18. As such, the cross-claims ought to be dismissed with no order as to costs.”

108. I agree with that submission and will make orders accordingly.”

  1. In the result, the Court's conclusion, regarding the cross-claims, was as follows (Milne No 2, [127(11)]):

“127. In the result, I confirm the following findings made by the Court in this judgment:

(11)   The cross-claims shall be dismissed with no order as to costs.”

  1. The Court’s acceptance of the second defendant’s submission to dismiss the first defendant’s cross-claim was evidently based upon the Court having already made an apportionment of damages, namely 70% liability of the first defendant and 30% liability of the second defendant. The first defendant’s cross-claim sought a “complete indemnity” or a “contribution” pursuant to s 5 of the Law Reform (Miscellaneous Provisions) Act 1946 (NSW) to the plaintiff’s claim. Thus, the second defendant’s submission that the cross-claim “had no work to do” was attractive.

  2. Nonetheless, the second defendant made a submission contradicting its earlier contention upon a proposition of law rather than merit. It was contended that it was necessary to reinstate the first defendant’s cross-claim to allow the first defendant to succeed on part of its cross-claim against the second defendant.

  3. In support of the second defendant’s proposition that “paragraphs 17 and 18 of its written Submissions of the 6th of February 2025 were incorrect and contrary to law and have thereby led His Honour into error (by dismissing the cross claims of the First and Second Defendant)”, reliance was placed upon [69] – [76] of Value Constructions Pty Ltd v Badra [2024] NSWCA 181 (“Value Constructions CA”).

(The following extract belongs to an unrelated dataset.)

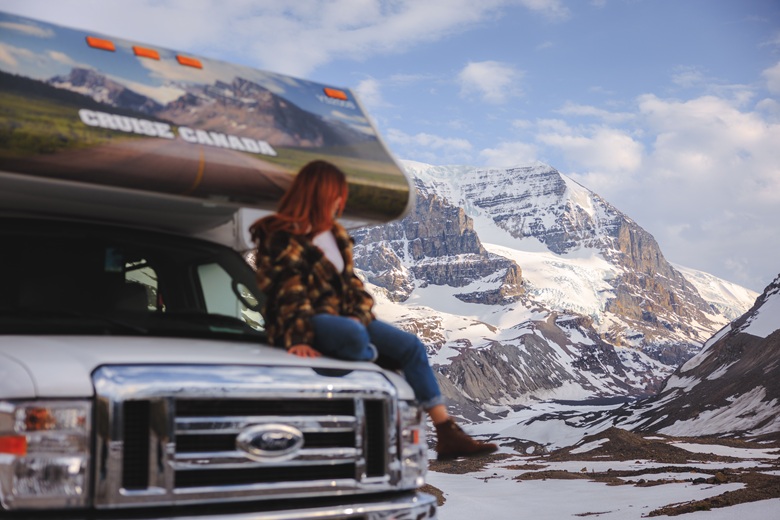 Frau sitzt auf einem Wohnmobil in einer verschneiten kanadischen Berglandschaft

  4. Notwithstanding that the basis for the second defendant’s reliance upon Value Constructions CA is unclear, the judgment does lend weight to the further submission by the second defendant. That is because Value Constructions CA stands for the proposition that where a third-party tortfeasor [2] and an employer are held liable for a plaintiff’s injury and there is a ruling on apportionment between the defendants, the third-party tortfeasor is entitled to succeed on its cross-claim against the employer (Value Constructions CA at [70] - [75]).

    2. I note that the occupier in Value Constructions CA, and the occupier in the present matter, are third-party tortfeasors.

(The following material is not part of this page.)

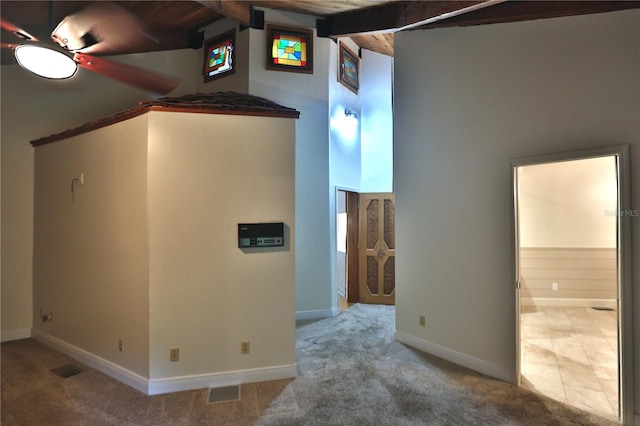 interior space with beamed ceiling, ceiling fan, and wooden ceiling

  5. When the following consideration is brought into focus, there is a proper basis demonstrated for the Court to depart from its earlier ruling as a matter of law. The apportionment of damages between third-party tortfeasors and employers cannot simply be effected by a split of the overall damages awarded to the plaintiff. That is because the limitations imposed on the award of damages against employers under the Workers Compensation Act are greater than the damages that can be awarded against third-party tortfeasors under the Civil Liability Act 2002 (NSW): Value Constructions CA at [73]; Badra v Value Constructions Pty Ltd & Ors (No 2) [2023] NSWSC 1655 at [7]. The success of the third-party tortfeasor on its cross-claim facilitates the ruling of apportionment by the Court.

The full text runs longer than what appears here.